■ Your task ■
Exact copies of the lines below, from the one with "Dispositivo Ocean-2 de" up to and including the one with "LKTART Solid Wood", are what this calls for; leave out pictures.

Data for this task Block Start

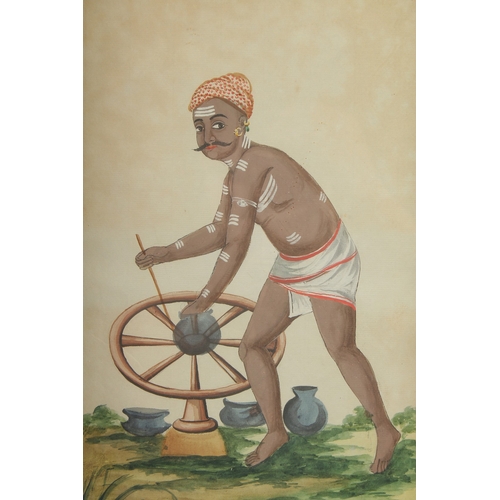 223 - A LARGE EARLY 19TH CENTURY INDIAN WATERCOLOUR PAINTING, framed and glazed, image 38.5cm x 25cm.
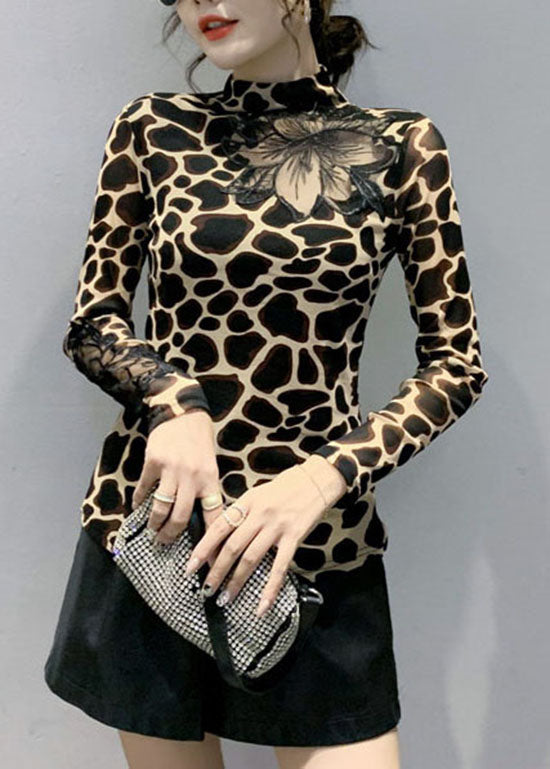 Kvinders Leopardprint Bluse med Udsnit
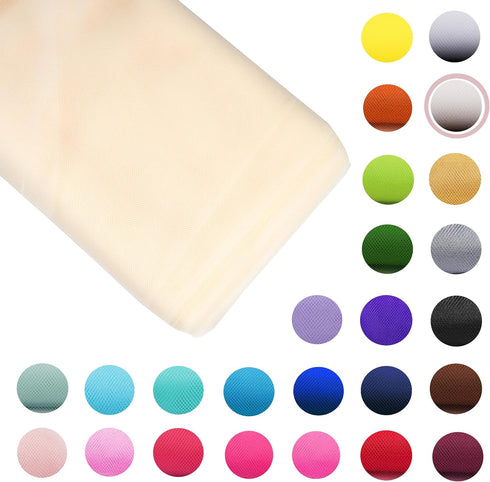 Craft And Party, Ivory Fabric Tulle Roll 54 Inch by 40 Yards (120 ft) Fabric Tulle Bolt for DIY Tutu Skirt, Wedding and Decoration (Ivory)...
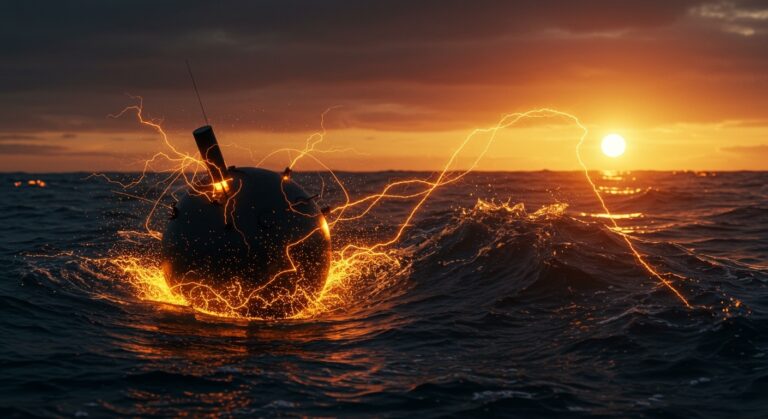 Dispositivo Ocean-2 de Panthalassa generando energía undimotriz en el océano para energía renovable y proyectos de hidrógeno verde.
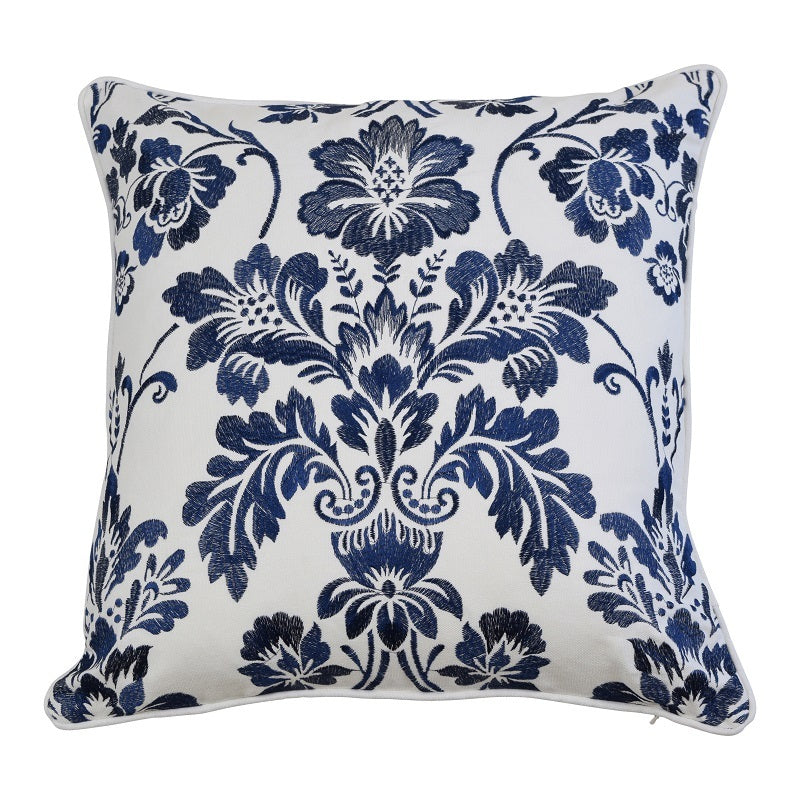 Navy Embroidered Cotton Cushion Cover - Image 1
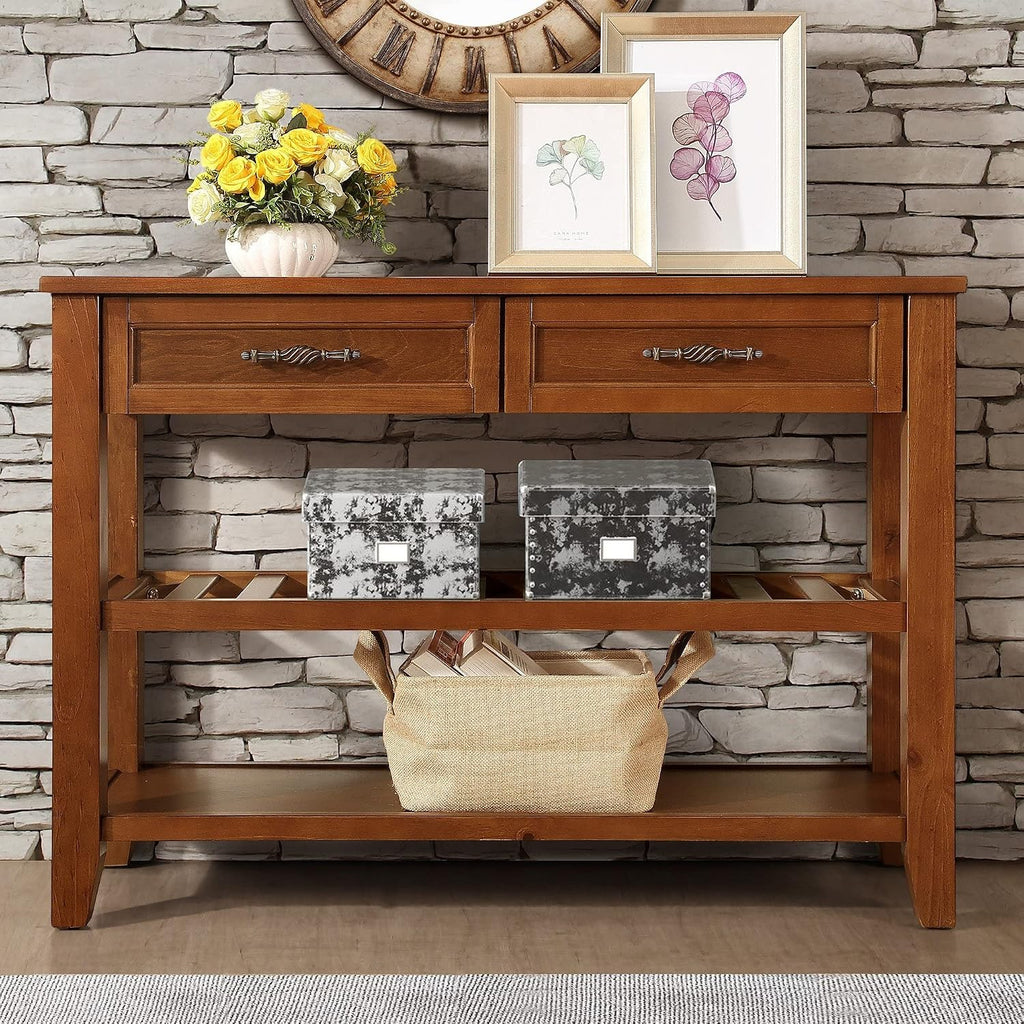 LKTART Solid Wood Console Table Entryway Table with Storage Drawers and Shelves Sofa Tables,Entryway Table for Living Room,Behind the Couch Table (42' Brown)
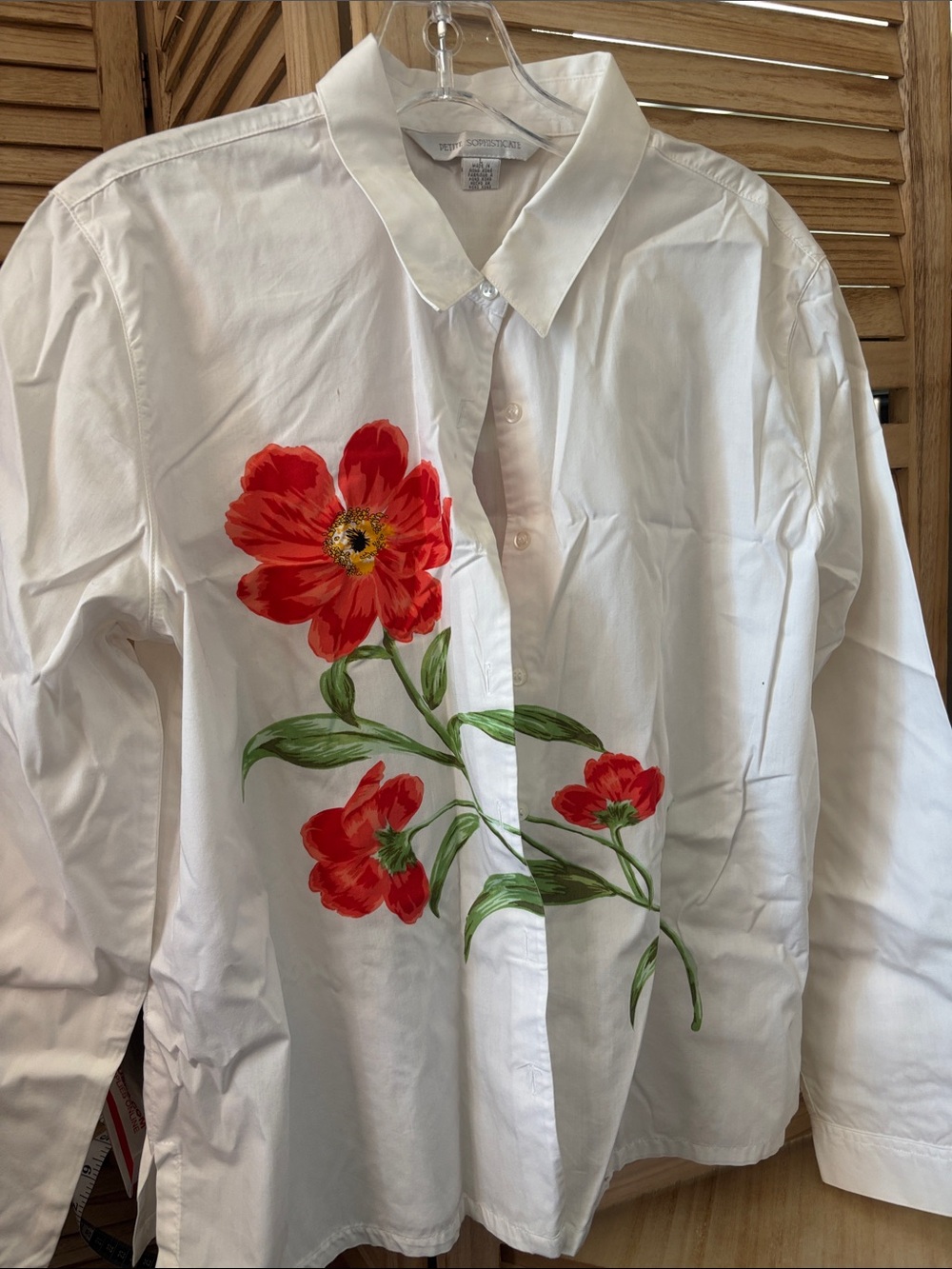 Petite Sophisticate White Button-Down Shirt with Red Floral Print Large Petite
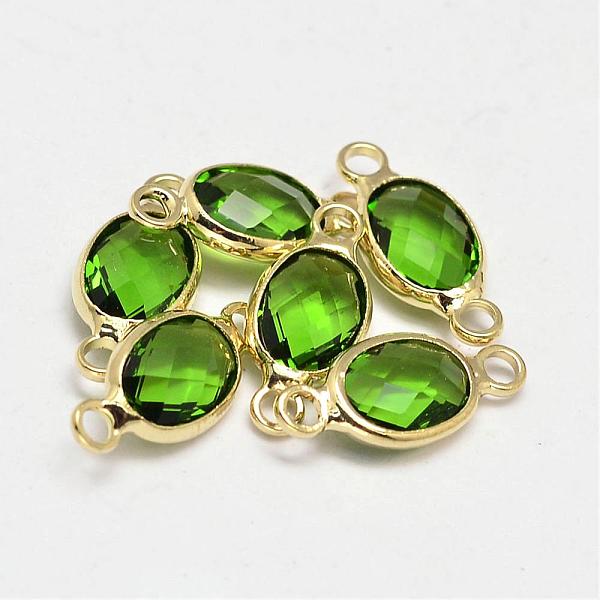

PandaHall Oval Faceted Golden Brass Glass Links connectors, Lime Green, 15x7x3.2mm, Hole: 1mm Glass Oval Green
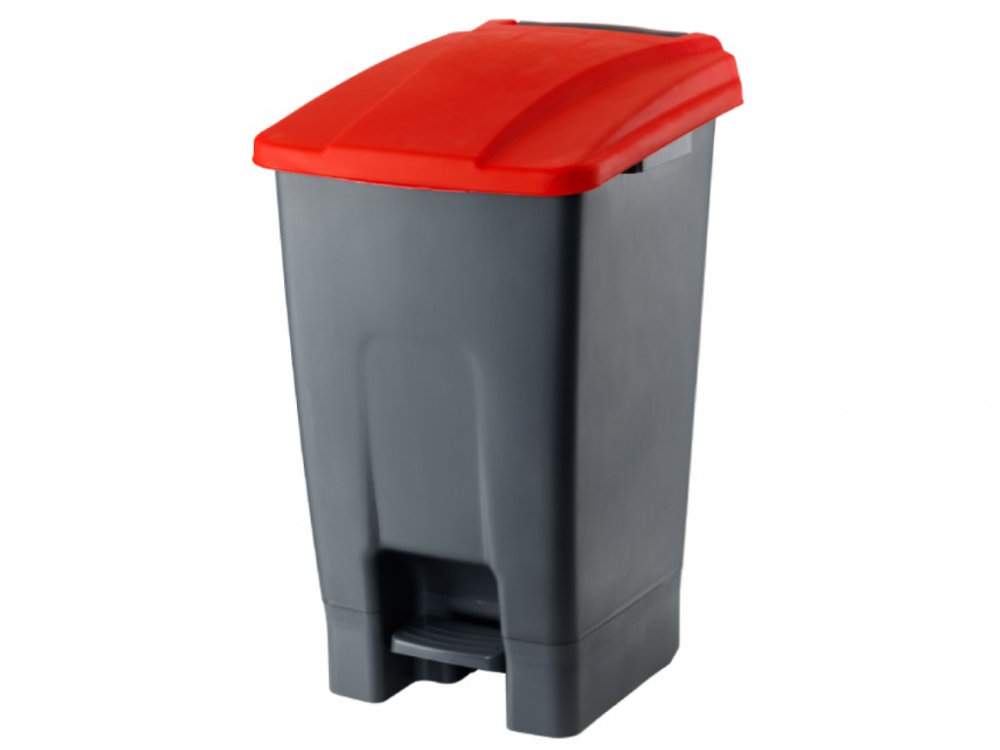Cos de gunoi reciclare selectiva cu pedala 70 L corp gri capac color [1]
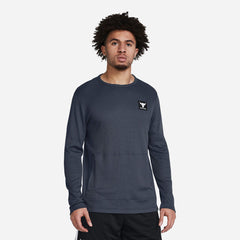 Men's Under Armour Project Rock Authentic Crew Long Sleeve Tee - Navy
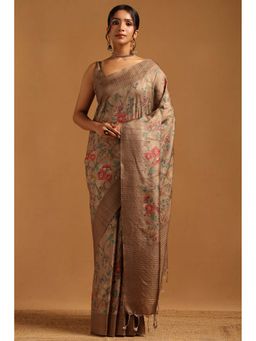 Soch - Womens Earth Tussar Saree with Unstitched Blouse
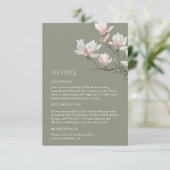 Fine Art Magnolia Wedding Enclosure Card Informatiekaartje (Staand voorkant)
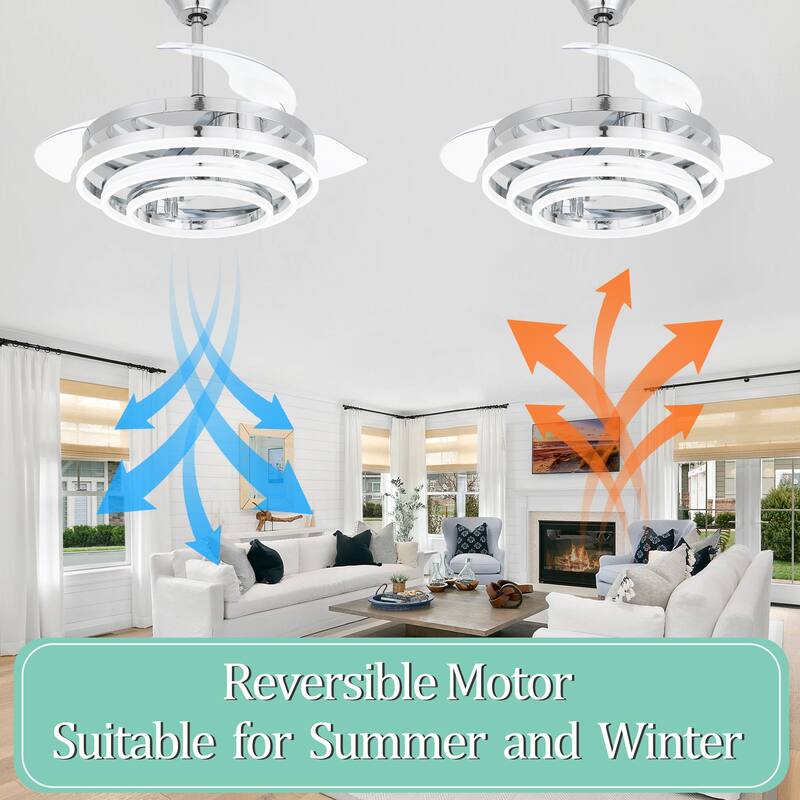 Oaks Aura 42in.Dimmable LED DIY Shape Modern Ceiling Fan With Lights, 6-Speed Latest DC Motor Quiet Ceiling Fan With Remote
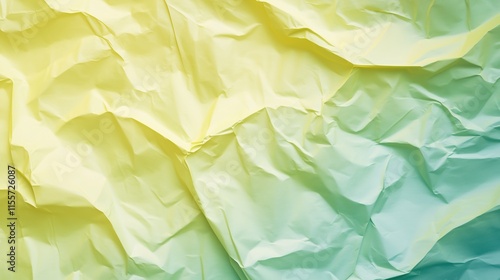 top view on light green color crumpled paper, texture background  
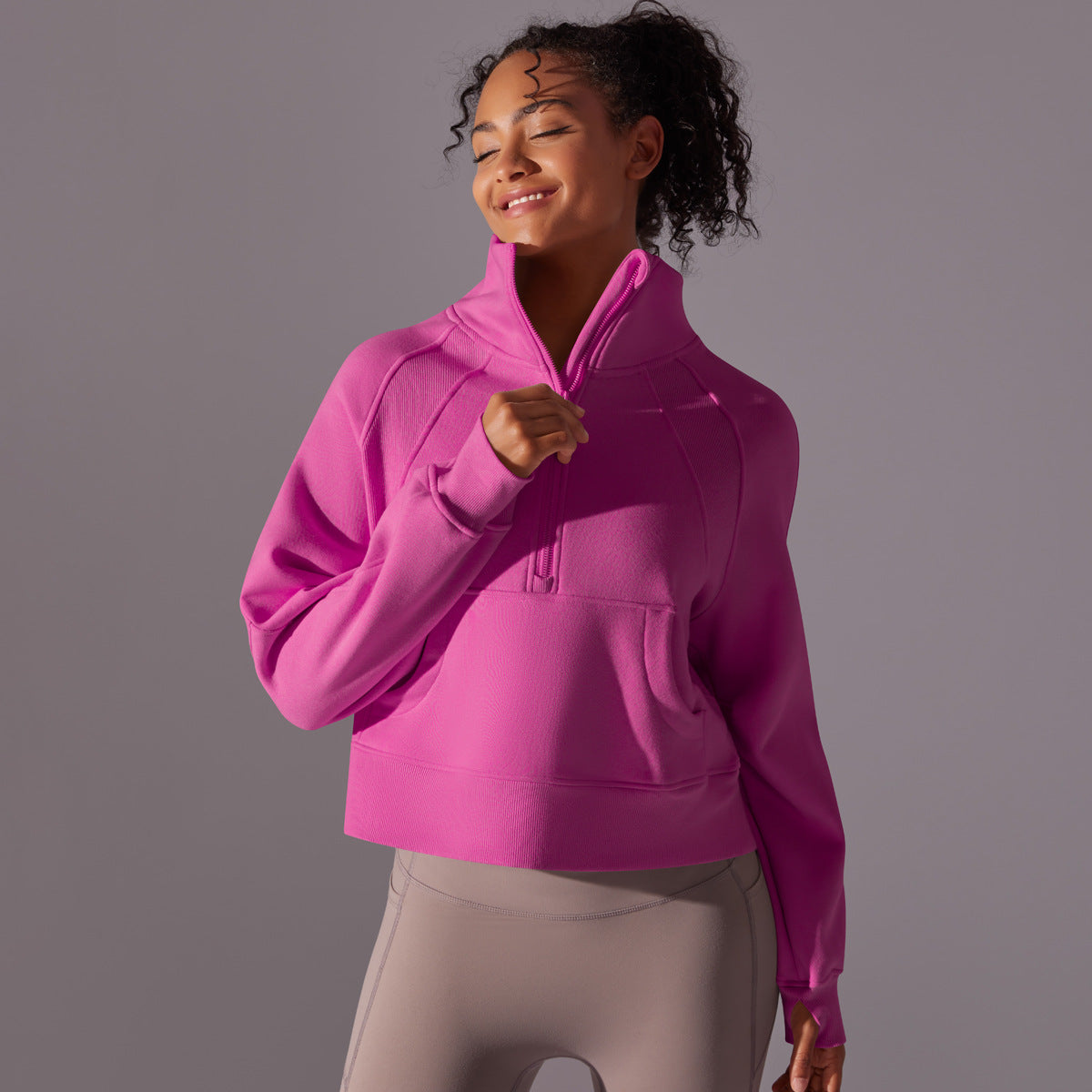 High Collar Zipped Sweatshirt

Data for this task Block End

■ Task solution ■
 Dispositivo Ocean-2 de Panthalassa generando energía undimotriz en el océano para energía renovable y proyectos de hidrógeno verde.
 Navy Embroidered Cotton Cushion Cover - Image 1
 LKTART Solid Wood Console Table Entryway Table with Storage Drawers and Shelves Sofa Tables,Entryway Table for Living Room,Behind the Couch Table (42' Brown)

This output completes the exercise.